前回の講座では、生徒たちがそれぞれの街についてパワーポイントを作成し、全員が、そして選ばれた代表によるプレゼンテーションを行いました。改めて身近な街のことを考える良い機会になったと思います。これからは、この講座の担当教員がフィールドワークの候補地として訪ねた街、都市、地域のまちづくりの先行事例を紹介していきます。あえて様々な規模の街を対象としていますので、比較的人口の少ない街から、規模の大きな街へという順番で進めます。自分たちが調べた街の課題や取り組みとの比較検討において、関心を持って聞いてください。

●神山町(徳島県)の事例

神山町を訪ねた吉田教諭と松野教諭からお話を聞きます。神山町は、徳島市内からも車で45分、周囲を標高1000メートル級の山々に囲まれた場所に位置し、誰がここまで来る?と思わせる山深い道中だったそうです。なぜそのまちに移住者が押し寄せ、サテライトオフィスが増え続けているのかとても興味が湧きませんか。

【神山町の課題】

人口減少:以前には「消滅可能都市一覧」の20位にランクされています。人口減少は公的なサービスの削減となりさらなる人口減少を招き、確実に街の消滅に繋がります。

【対策】

サテライトオフィスやアーティストの誘致:30年前にこの町に戻った大南さんがキーパーソンとなり、自分のまちを面白い場所にしたいという思いから、シリコンバレーをイメージしてNPO法人グリーンバレーを設立しました。できない理由よりできる方法を考えるとモットーのもと、ミッションを「日本の田舎をステキに変える!」としました。Wi-Fiなどの環境を整え、自然の美しさという神山らしさを最大限にアピールし、そこで仕事や創作活動ができるギャップで新しい世代の価値観に訴えかけました。集まり始めると、同じようにそこで刺激を受けたいという相乗効果で移住者が増え、多様な人の知恵が融合する場、創造的過疎による持続的な地域づくりを実践しています。

【具体的な取り組み】

アーティスト・イン・レジデンス(KAIR)/サテライトオフィス支援事業/アドプト・ア・ハイウェイ神山/Bed&Studioプログラム/神山塾/神山町移住支援センター委託管理/コワーキングスペース「KVSOC神山バレー・サテライトオフィス・コンプレックス」や「神山農村環境改善センター」の指定管理事業/森づくり事業/その他神山が神山であるための事業の運営など新規事業開発中

【新しく創造された新しいビジネスの事例】

Hidden Library/えんがわオフィス/神山しずくプロジェクト/B&B Onywaのカフェオニヴァ/栗カフェ/靴リヒトリヒト/KAMIYAMABEER/Week神山 他


神山町が魅力的なまちづくりのために柱としている6つの働きかけ

1すまいづくり

神山町の木材を使った住宅など

2ひとづくり

神山まるごと高等専門学校の開校など

3しごとづくり

神山塾でのレクチャーを通した新規事業開拓など

4循環のしくみづくり

FOOD HUBプロジェクトの地産地消で神山の農業を次世代につなぐ取り組みなど

5安心な暮らしづくり

神山塾での滞在型職業訓練等

6関係づくり

新しい取り組みなど住民が関わる物事の決定のプロセスを大切に


●番外編(徳島は他でもすごい!)

同じく徳島を訪問した北川教諭より、徳島県でのその他のおもしろい取り組みの紹介がありました。

【勝町の「ごみゼロ」】

20年前にごみゼロを宣言、ホテルを兼ねたゴミ収集ステーションを中心に活動を広げる。2020年にはごみリサイクル率80%を達成(全国平均19%)。

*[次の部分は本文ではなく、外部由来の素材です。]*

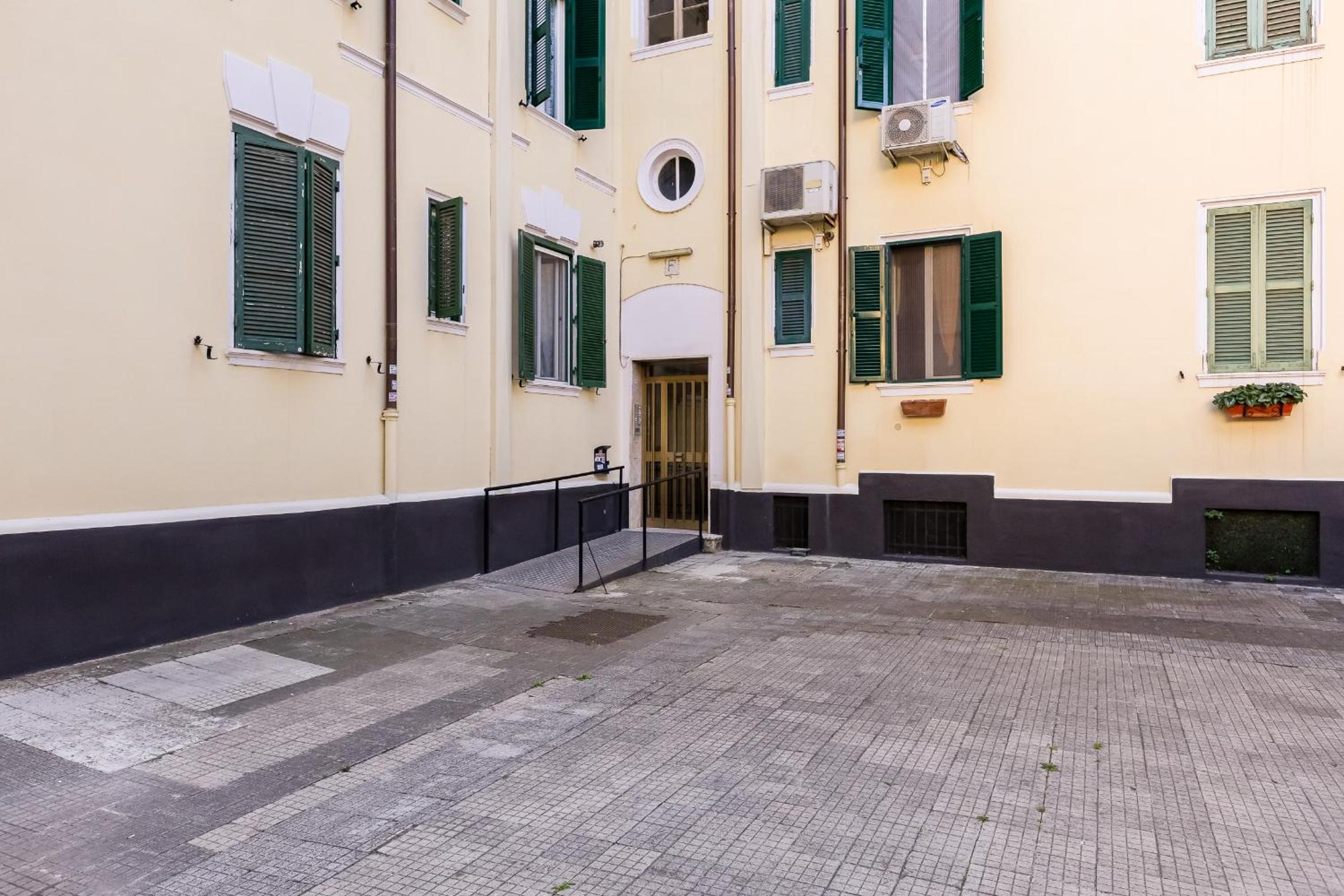 Testaccio Patty Flat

また高齢者向けの仕事として葉っぱビジネスを展開、システム化し全国の料亭などを対象にしたビジネスに発展させ大成功している。豊かな自然が宝の山であることを証明し、住民の多くを占める高齢者の就労意欲の向上、シビックプライドの向上にも貢献。

【木頭地区の「未来コンビニ」】

コンビニなどあるわけのないような田舎に未来的なコンビニを建設したことで、地元の子供からお年寄りまで住民の集う場所作り、そして話題を呼び、遠方からも何万人という人が訪れる場所に。ここからこの次のアクションが始まることを期待できる。

 

それぞれの村がそれぞれの村の将来を考えている独自の取り組みがとても面白い。それを参考に皆さんにもいろいろ考えてもらえたらいいと思います。